Today’s partnership demonstrates the curation of “Tri-Synergy” – synergy between Hong Kong’s roles as international green technology and finance centre, as well as international aviation centre, synergy among stakeholders from different industries comprising HSBC, Cathay Pacific and EcoCeres, and synergy among Hong Kong and rest of the world. We look forward to the continued growth of this partnership and SAF’s development in Hong Kong.”
Ms Luanne Lim, Chief Executive Officer Hong Kong, HSBC, said, “This is the largest SAF purchase that HSBC has undertaken to date. The Hong Kong initiative will serve as a pilot programme, which could help pave the way for broader implementation. It reflects our support for new economy solutions and demonstrates how businesses can collaborate to support innovative decarbonisation technologies.”
In October 2020, HSBC set an ambition to become a net zero bank by 2050. The bank released its first Net Zero Transition Plan in January 2024, outlining its approach and the actions underway to help meet that ambition.
Mr Ronald Lam, Chief Executive Officer of the Cathay Group, said, “We are grateful to HSBC for this landmark partnership, showcasing shared sustainability leadership, and to EcoCeres for their market-leading SAF production. We are very encouraged by the participation by more and more corporates in SAF related initiatives. At the same time, we look forward to the development of a comprehensive SAF policy in Hong Kong as soon as possible, which is essential to raise and future-proof our home city’s competitiveness as an international aviation hub and foster its transition to low-carbon energy.”

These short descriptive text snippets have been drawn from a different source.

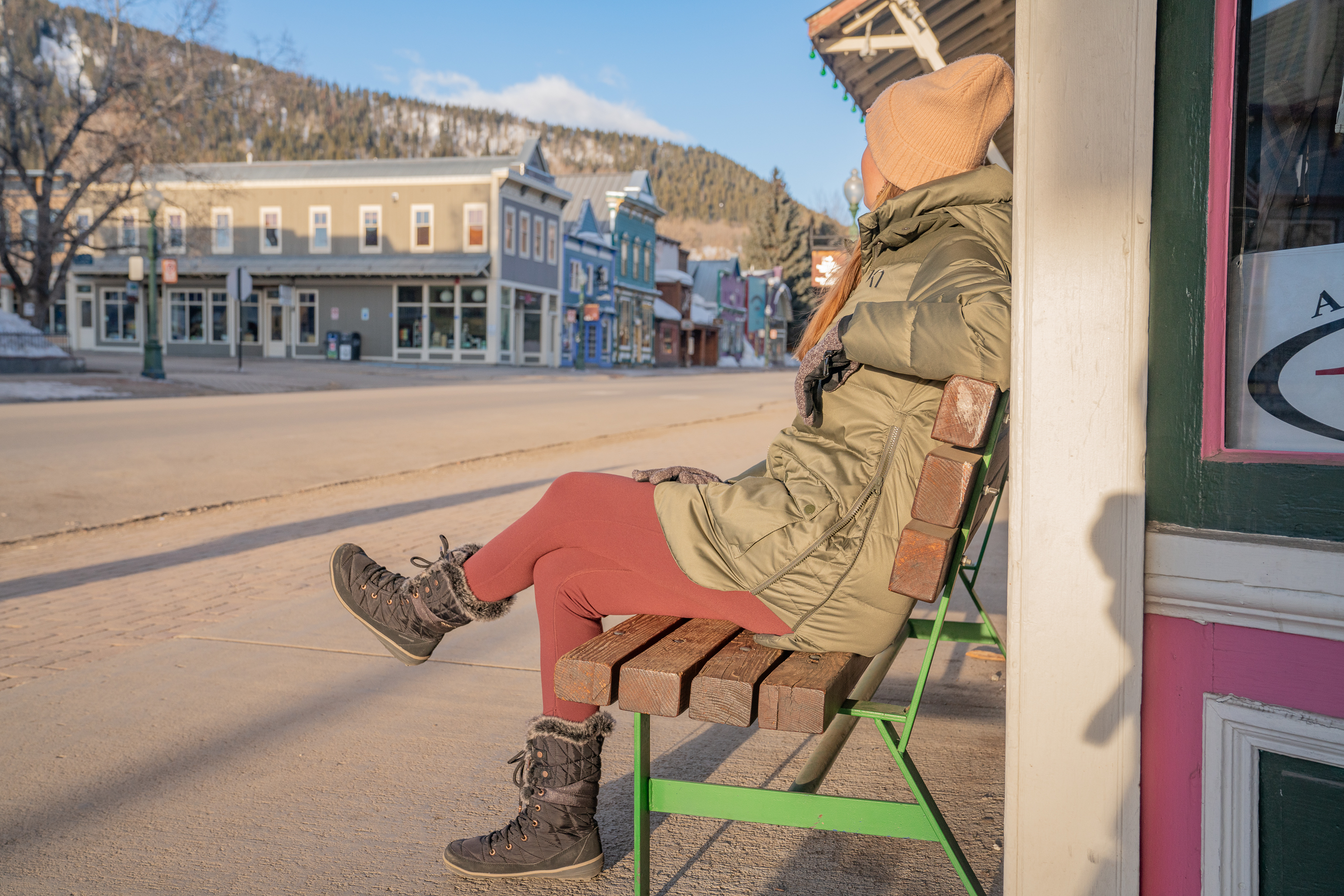 Woman wearing winter parka sitting on storefront bench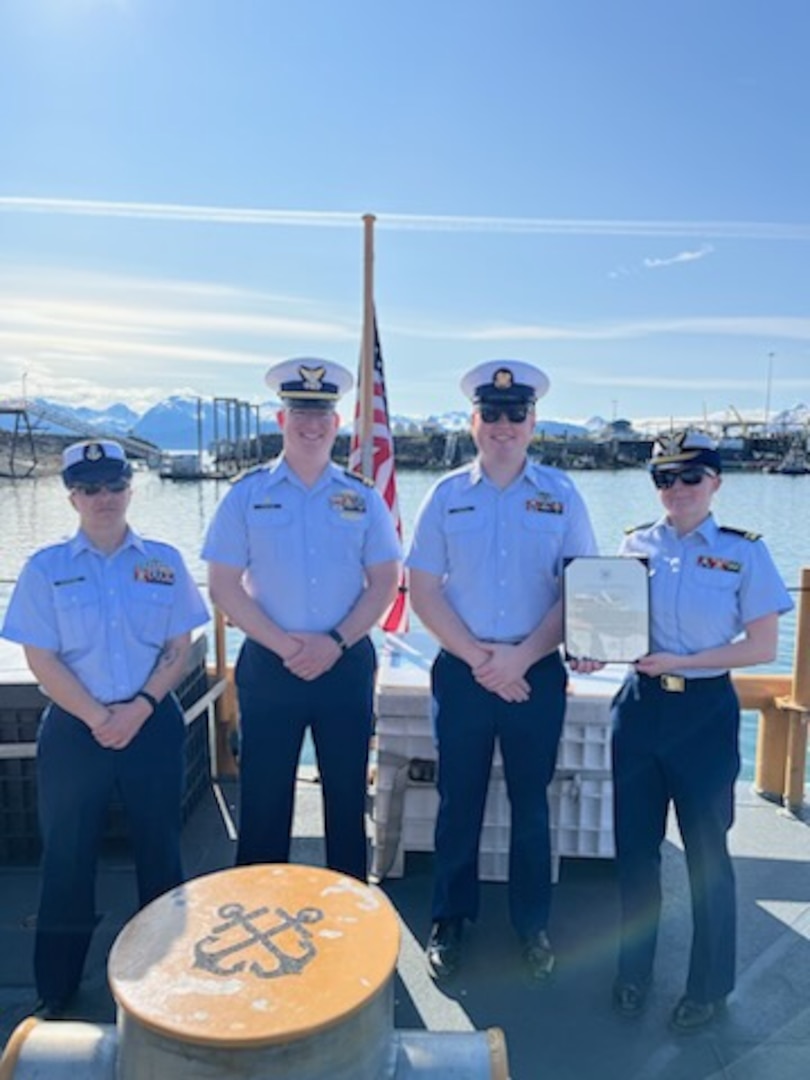 Chief Petty Officer Katie Schreiber (left), Lt. William Singletary, Petty Officer 1st Class Richard Moroge, and Lt.j.g. Leah Schweigert pose aboard Coast Guard Cutter Naushon (WPB 1311) June 3, 2023. Moroge was meritoriously advanced to petty officer 1st class for his outstanding contributions and accomplishments both on and off duty. Coast Guard courtesy photo.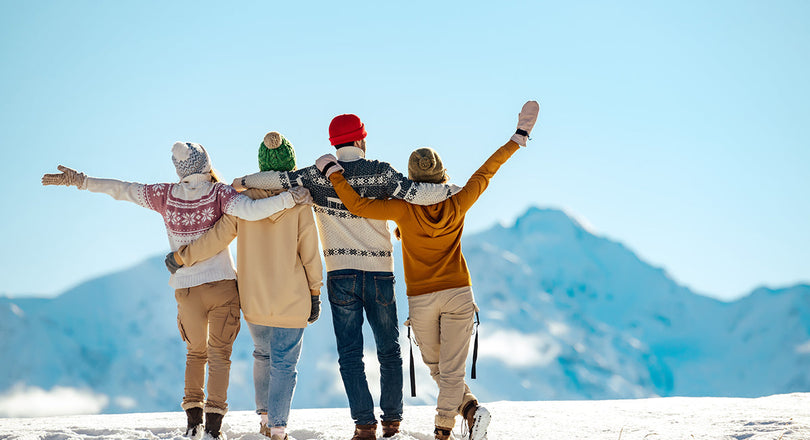 Vier Freunde stehen auf einem verschneiten Berggipfel
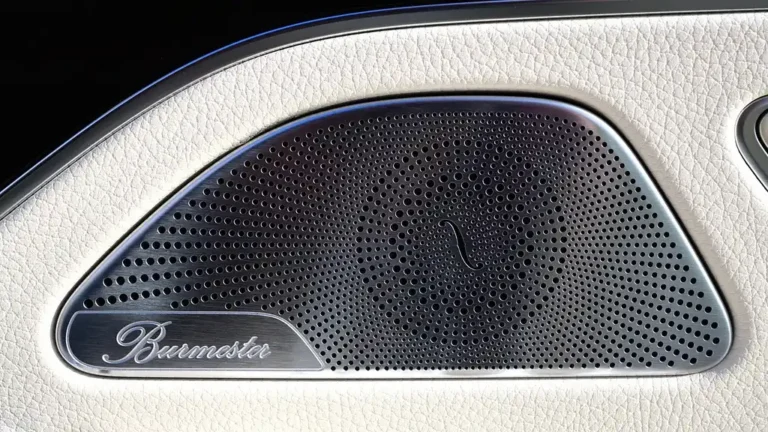 Mechanic measuring the speaker opening inside a 2004 Chevy Impala door panel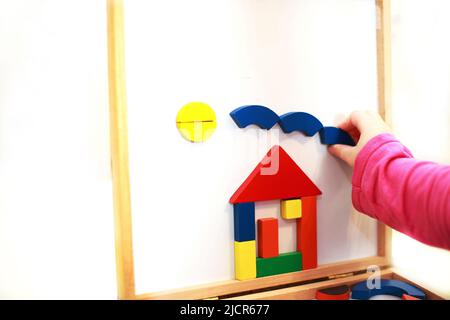 Kind spielt Holz magnetische pädagogische Spiel. Mädchen spielt mit einem Spielzeug auf weißem Hintergrund. Kind baut ein Haus aus einem Konstrukteur Stockfoto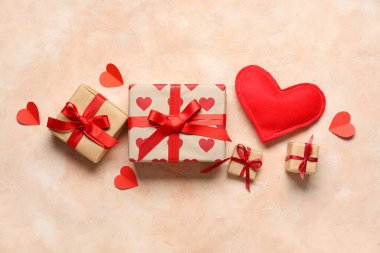 Bej arka planda hediye kutuları ve kumaş kalp. Sevgililer Günü kutlaması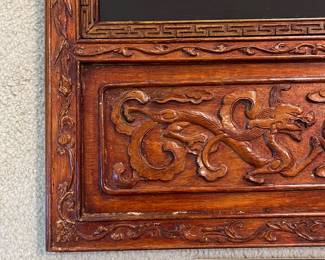 T93 - $750. PAIR of Chinese Ancestor Reverse Paintings on glass with intricately carved wood frame and brass hanging plates. Each Measures 21.75" x 41.5"T. Very good condition.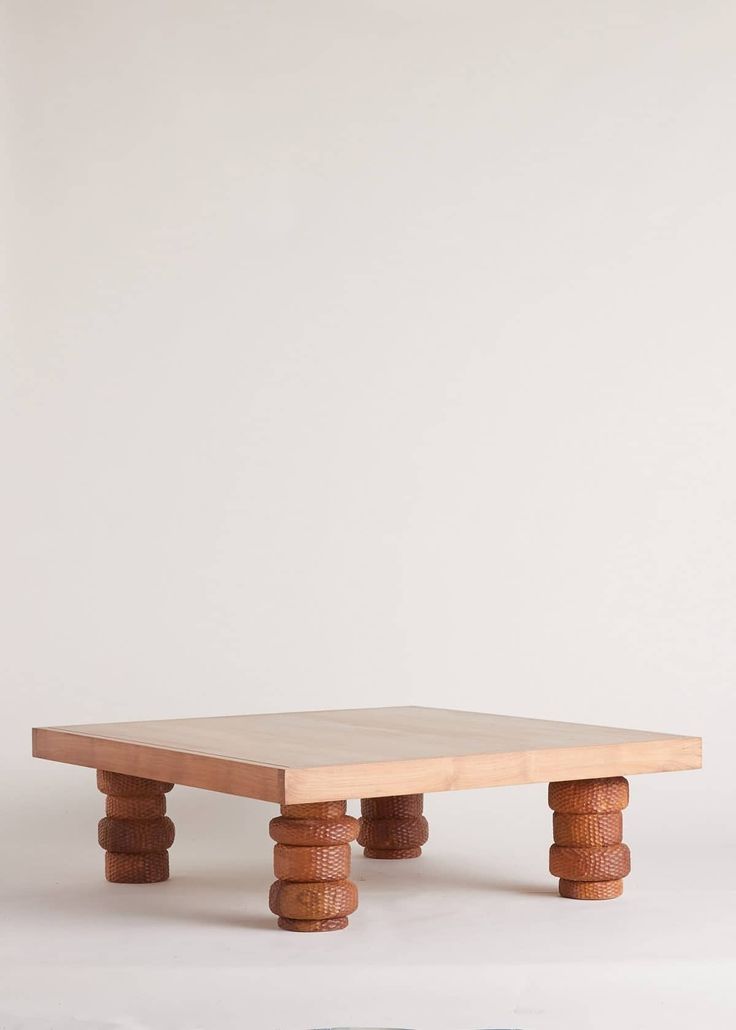 a wooden table sitting on top of a white floor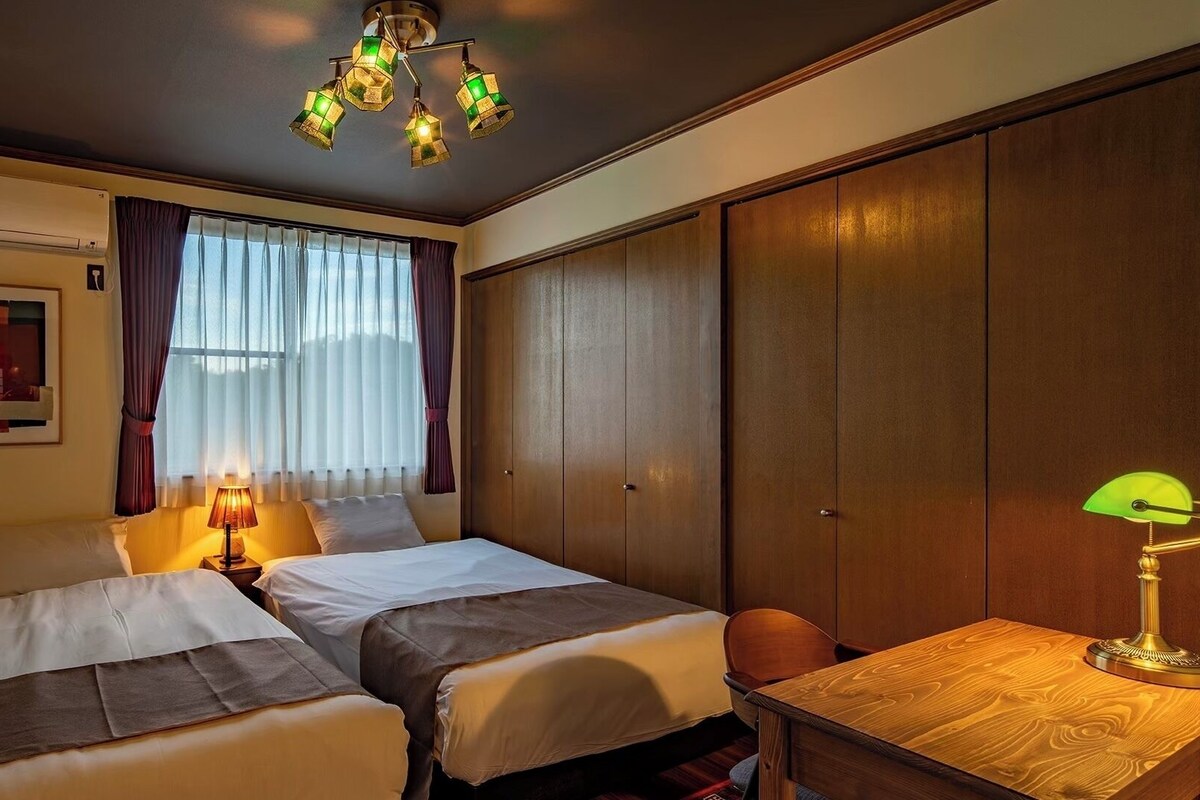 Une chambre d’hôtel avec deux lits, un bureau, une lampe, un luminaire au plafond et une fenêtre avec des rideaux.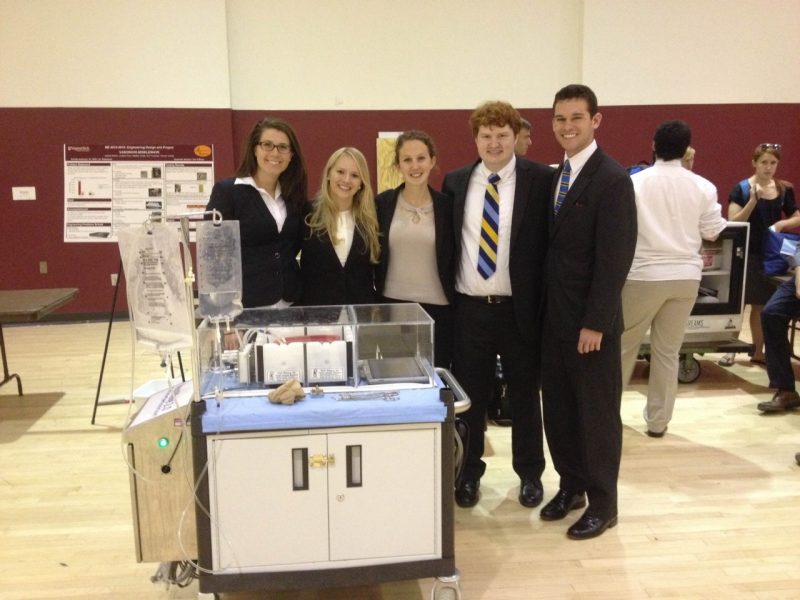 Wildman and her senior design team smiling behind a portable system that perfused an organ outside the body.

Cathay aims to achieve net-zero carbon emissions by 2050 and to use SAF for 10% of Cathay Pacific’s total fuel consumption by 2030. To accelerate the transition to SAF, Cathay launched its Corporate SAF Programme in 2022, enabling members to reduce their indirect emissions associated with air transportation. HSBC Hong Kong was a launch member of the Cathay Corporate SAF Programme. The programme has a total commitment of over 6,050 metric tonnes of SAF in 2024.
Mr Matti Lievonen, Executive Chairman of EcoCeres said, “We are thrilled to contribute to the groundbreaking collaboration with HSBC and Cathay Pacific in piloting Hong Kong’s first SAF ecosystem. This initiative will support HSBC in improving the traceability of its travel supply chain and also exemplifies an initiative to support progress towards a greener future. We are confident that this tri-party partnership will serve as a successful model, inspiring global efforts towards decarbonisation in the aviation sector and promoting the shift to renewable energy solutions.”
EcoCeres is one of the few companies in the world that can convert waste into various types of sustainable transportation fuels, accounting for around 20% of SAF market share globally in 2022 and 2023, according to the global SAF production volume published by the International Air Transport Association (IATA).